Dans un proche avenir, plusieurs occasions se présenteront pour un examen rigoureux et équilibré, ainsi que pour une discussion publique informée, de la circulation transfrontalière des renseignements personnels. Le Commissariat participe à la révision de la législation antiterroriste et contribuera à l'examen des initiatives de prestation de services, tel le Gouvernement en direct.

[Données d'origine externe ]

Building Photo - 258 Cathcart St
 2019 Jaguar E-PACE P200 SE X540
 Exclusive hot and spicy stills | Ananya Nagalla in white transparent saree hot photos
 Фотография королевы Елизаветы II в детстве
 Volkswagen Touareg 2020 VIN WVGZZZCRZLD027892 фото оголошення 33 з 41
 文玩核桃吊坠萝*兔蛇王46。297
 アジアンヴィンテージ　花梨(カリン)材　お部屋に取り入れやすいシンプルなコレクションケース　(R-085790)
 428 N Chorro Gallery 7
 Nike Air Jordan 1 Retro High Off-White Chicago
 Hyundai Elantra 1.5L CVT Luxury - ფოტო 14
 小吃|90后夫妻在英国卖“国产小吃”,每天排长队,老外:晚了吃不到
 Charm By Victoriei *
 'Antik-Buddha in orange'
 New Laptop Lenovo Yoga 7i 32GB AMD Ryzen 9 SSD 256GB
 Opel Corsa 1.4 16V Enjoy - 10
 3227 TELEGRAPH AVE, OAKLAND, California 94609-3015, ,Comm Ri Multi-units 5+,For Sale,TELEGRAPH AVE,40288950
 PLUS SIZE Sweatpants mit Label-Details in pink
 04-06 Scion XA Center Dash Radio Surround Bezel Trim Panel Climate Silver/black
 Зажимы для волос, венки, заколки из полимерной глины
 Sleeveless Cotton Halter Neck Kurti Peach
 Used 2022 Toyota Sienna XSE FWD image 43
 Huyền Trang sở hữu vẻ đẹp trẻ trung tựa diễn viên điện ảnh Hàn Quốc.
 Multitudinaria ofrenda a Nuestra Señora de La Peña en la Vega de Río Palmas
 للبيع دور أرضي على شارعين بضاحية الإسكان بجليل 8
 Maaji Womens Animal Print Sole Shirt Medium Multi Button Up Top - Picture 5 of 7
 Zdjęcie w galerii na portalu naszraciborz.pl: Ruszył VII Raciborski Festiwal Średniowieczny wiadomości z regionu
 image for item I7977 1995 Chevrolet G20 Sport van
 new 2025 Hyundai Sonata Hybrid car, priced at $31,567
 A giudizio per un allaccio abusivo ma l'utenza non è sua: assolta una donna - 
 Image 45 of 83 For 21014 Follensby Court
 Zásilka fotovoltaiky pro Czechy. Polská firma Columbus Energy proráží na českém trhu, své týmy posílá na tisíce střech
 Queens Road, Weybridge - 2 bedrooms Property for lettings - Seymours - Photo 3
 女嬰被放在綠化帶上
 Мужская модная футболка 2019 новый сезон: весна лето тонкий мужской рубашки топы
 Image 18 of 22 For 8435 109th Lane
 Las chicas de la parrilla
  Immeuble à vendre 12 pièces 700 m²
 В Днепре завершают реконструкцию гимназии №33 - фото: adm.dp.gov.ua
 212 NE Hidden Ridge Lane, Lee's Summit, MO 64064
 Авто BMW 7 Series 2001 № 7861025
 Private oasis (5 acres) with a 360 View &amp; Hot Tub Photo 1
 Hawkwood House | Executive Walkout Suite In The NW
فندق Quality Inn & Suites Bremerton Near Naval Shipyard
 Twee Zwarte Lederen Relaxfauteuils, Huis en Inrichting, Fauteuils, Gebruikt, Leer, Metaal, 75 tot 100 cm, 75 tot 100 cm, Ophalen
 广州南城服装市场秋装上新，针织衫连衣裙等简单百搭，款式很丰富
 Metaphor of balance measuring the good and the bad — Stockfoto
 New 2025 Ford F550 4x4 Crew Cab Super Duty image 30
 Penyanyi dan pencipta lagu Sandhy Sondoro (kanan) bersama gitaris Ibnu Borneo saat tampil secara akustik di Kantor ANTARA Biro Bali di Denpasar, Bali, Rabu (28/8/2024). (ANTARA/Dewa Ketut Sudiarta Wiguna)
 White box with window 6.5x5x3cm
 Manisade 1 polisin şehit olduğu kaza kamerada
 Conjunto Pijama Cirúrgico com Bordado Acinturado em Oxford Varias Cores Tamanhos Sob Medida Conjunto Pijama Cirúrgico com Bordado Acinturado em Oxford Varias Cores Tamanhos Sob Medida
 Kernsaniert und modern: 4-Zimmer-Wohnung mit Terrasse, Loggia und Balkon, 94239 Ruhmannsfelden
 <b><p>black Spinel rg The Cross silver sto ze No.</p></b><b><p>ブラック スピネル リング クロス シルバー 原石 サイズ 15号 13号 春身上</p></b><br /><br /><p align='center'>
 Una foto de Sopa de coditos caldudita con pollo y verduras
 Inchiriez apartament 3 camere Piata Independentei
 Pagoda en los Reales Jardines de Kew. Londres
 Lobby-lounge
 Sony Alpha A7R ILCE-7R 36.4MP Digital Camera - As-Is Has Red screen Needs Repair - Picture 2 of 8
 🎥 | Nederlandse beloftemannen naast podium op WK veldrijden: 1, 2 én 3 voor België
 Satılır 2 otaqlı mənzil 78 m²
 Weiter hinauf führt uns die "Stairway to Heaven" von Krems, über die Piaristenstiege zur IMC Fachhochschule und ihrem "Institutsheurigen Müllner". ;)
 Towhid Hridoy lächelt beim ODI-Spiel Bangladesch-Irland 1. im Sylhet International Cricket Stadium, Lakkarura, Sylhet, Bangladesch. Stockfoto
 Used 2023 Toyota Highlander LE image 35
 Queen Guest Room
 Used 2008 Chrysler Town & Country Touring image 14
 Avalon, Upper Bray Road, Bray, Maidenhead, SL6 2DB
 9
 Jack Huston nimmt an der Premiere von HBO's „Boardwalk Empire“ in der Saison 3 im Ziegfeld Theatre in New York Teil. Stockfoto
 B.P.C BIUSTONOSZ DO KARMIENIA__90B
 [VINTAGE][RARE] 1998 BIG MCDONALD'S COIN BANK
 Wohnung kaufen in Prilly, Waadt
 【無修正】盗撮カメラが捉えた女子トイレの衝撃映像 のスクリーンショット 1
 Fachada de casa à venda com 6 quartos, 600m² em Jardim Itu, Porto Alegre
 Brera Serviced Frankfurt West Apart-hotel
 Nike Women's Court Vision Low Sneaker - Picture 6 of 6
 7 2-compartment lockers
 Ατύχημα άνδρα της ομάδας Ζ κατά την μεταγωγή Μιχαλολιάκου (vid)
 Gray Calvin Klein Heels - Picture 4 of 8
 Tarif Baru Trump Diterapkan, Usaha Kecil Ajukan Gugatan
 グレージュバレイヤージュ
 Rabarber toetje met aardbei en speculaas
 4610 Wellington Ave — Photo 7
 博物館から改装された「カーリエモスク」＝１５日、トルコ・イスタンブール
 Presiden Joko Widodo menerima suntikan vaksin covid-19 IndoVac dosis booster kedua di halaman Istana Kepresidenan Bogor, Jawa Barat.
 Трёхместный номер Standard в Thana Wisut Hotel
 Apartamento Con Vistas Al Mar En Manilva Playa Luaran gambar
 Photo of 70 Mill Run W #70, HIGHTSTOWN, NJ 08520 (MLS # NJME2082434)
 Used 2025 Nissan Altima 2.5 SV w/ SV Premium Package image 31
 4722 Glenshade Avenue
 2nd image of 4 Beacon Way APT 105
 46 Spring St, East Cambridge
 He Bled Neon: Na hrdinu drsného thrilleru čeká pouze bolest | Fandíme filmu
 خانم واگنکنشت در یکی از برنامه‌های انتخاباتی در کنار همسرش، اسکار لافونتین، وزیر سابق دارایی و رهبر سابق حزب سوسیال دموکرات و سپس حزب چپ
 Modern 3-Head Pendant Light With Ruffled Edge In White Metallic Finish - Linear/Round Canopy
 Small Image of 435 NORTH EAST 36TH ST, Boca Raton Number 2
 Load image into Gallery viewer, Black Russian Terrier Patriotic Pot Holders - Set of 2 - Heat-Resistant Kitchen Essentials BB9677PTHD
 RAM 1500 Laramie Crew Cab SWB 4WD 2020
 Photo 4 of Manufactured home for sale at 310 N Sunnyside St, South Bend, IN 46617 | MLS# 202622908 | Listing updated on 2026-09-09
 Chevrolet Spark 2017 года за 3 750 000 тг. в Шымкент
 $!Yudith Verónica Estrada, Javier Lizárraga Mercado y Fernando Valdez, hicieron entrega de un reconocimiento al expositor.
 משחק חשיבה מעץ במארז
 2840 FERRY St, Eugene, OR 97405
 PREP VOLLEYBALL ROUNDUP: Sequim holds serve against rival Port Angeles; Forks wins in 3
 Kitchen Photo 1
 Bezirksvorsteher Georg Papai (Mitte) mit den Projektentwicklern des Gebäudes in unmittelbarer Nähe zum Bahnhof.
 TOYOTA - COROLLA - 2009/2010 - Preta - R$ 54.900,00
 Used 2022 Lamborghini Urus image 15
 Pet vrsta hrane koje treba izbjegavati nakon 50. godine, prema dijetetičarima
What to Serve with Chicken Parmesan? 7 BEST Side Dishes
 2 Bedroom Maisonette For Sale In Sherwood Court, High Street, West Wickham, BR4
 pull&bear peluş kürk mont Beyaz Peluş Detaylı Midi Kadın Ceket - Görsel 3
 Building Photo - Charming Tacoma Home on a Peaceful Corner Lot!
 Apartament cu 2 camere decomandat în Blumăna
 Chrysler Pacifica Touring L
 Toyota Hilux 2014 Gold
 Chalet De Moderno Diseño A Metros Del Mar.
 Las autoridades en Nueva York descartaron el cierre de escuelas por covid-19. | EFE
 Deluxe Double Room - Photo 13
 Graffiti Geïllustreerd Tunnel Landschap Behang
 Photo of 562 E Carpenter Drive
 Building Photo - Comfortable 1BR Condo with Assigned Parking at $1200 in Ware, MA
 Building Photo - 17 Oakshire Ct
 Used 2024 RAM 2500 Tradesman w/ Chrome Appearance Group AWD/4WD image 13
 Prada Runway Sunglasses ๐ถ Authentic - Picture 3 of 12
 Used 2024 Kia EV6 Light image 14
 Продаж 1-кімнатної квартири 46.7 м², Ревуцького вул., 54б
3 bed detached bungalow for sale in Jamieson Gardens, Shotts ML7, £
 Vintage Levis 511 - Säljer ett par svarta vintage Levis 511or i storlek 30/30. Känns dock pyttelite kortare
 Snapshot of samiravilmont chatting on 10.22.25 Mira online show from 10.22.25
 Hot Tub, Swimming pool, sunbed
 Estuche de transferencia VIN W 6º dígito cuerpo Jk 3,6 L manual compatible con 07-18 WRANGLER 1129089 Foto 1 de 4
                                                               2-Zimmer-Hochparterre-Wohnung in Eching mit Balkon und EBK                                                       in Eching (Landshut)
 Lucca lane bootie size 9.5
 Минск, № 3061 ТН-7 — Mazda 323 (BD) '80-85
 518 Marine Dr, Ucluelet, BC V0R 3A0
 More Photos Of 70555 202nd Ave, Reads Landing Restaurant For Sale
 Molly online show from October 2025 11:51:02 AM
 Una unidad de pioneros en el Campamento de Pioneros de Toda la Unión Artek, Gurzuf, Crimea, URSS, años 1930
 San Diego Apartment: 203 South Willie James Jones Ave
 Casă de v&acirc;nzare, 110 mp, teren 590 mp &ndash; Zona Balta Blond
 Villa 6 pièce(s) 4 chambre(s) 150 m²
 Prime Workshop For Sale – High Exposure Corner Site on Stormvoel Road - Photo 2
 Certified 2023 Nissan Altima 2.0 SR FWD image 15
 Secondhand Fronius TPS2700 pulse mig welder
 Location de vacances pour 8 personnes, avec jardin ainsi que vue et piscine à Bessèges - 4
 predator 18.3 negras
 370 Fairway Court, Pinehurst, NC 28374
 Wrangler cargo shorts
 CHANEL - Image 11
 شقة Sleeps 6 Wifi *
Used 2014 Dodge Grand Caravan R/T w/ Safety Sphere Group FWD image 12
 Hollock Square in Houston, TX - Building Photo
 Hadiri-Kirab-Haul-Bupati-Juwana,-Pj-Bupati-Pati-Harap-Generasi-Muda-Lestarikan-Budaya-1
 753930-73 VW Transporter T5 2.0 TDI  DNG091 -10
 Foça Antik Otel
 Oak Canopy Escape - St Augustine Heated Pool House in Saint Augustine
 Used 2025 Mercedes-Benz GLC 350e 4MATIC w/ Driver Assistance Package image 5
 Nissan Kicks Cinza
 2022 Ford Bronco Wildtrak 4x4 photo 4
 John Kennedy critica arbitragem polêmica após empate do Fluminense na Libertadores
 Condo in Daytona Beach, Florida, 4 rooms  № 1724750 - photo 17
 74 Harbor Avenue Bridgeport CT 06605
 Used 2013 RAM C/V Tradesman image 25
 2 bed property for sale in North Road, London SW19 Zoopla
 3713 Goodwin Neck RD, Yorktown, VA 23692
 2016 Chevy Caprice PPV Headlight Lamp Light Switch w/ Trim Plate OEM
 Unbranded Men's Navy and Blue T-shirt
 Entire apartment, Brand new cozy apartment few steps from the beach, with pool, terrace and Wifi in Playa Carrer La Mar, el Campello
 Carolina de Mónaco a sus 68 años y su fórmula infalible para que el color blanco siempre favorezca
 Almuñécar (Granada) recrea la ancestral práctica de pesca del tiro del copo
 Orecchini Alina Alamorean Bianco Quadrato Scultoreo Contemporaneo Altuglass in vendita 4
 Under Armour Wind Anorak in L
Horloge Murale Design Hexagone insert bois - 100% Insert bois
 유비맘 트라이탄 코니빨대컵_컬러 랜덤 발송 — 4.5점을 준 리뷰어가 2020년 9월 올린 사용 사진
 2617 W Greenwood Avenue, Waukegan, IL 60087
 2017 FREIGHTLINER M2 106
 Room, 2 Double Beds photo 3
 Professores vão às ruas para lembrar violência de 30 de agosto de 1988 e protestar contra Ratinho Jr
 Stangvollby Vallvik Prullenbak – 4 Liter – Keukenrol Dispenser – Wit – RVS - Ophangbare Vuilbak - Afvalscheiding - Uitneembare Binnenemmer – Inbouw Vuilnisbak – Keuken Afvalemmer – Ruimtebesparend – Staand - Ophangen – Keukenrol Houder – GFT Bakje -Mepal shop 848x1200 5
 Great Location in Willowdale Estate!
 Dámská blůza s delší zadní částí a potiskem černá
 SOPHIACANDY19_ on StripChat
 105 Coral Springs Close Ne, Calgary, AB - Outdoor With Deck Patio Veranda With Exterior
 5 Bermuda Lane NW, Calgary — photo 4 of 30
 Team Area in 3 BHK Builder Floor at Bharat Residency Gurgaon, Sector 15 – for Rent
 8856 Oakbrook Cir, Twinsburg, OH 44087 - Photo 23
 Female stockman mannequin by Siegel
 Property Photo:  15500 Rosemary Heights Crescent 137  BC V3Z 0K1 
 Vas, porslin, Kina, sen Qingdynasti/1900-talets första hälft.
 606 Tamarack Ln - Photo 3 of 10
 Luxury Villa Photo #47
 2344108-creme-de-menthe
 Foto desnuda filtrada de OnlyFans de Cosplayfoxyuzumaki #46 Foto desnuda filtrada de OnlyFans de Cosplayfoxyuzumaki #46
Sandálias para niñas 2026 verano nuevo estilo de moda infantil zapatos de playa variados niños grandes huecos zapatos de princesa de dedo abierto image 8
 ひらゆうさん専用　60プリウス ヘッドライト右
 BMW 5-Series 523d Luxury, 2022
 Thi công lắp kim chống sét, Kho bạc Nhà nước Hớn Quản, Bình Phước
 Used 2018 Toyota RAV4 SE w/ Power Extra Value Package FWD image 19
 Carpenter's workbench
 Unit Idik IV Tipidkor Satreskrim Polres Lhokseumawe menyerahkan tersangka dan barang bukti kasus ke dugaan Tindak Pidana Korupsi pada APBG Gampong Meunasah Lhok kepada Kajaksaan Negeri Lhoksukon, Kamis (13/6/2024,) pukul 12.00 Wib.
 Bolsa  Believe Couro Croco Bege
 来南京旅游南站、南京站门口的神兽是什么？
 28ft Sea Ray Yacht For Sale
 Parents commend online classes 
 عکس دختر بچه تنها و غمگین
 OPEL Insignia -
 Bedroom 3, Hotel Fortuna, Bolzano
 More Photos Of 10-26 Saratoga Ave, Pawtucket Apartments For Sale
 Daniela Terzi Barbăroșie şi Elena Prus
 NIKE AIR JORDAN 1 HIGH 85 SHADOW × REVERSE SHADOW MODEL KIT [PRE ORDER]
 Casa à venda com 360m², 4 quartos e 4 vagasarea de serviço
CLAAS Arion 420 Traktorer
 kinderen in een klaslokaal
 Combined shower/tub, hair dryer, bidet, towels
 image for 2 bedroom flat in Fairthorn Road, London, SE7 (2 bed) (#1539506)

De plus, nous participerons aux projets suivants :

  • La vérification des activités de transfert de renseignements personnels entre le Canada et les États-Unis ;
  • Des pourparlers avec les représentants du ministère canadien de la Sécurité publique et de la Protection civile et ceux du Department of Homeland Security des États-Unis sur les pratiques des entités fédérales en matière de renseignements personnels;
  • La mise en place d'un Comité parlementaire sur la sécurité nationale;
  • L'examen de la LPRPDÉ qui doit avoir lieu en 2006 et, je l'espère, l'examen et la réforme de la Loi sur la protection des renseignements personnels . L'examen de ces textes de loi devrait faire avancer la protection de la vie privée au Canada — comportant des mesures législatives plus rigoureuses.

Conclusion

Les Canadiennes et les Canadiens jouissent d'une norme raisonnable de protection de leurs renseignements personnels au Canada. Ils ne veulent pas que cette protection disparaisse lorsque leurs renseignements personnels sont transférés par-delà les frontières, et ils ne souhaitent pas que les gouvernements ou les organisations au Canada transfèrent leurs renseignements personnels par-delà les frontières si tels renseignements risquent d'être communiqués indûment, que ce soit à des fins de sécurité ou à des fins commerciales.

Le Commissariat invite les membres de l'Association canadienne du droit des technologies de l'information à participer à la recherche de solutions réalistes pour les enjeux liés à la protection de la vie privée qui découlent de la circulation transfrontalière des données dans l'optique du commerce électronique. Vous pouvez communiquer votre connaissance approfondie de certaines questions, comme le commerce électronique. Je suis heureuse de constater que l'Association a reconnu l'importance de la protection de la vie privée en formant un comité ad hoc sur la protection de la vie privée. Faites connaître vos préoccupations et vos propositions de solutions — ces dernières sont particulièrement appréciées! La protection de la vie privée des Canadiennes et des Canadiens à notre époque d'extraordinaires changements technologiques et de gouvernements technologiquement sophistiqués constitue un défi de taille, mais un défi que nous pouvons relever en faisant connaître nos perspectives, notre expertise et nos idées.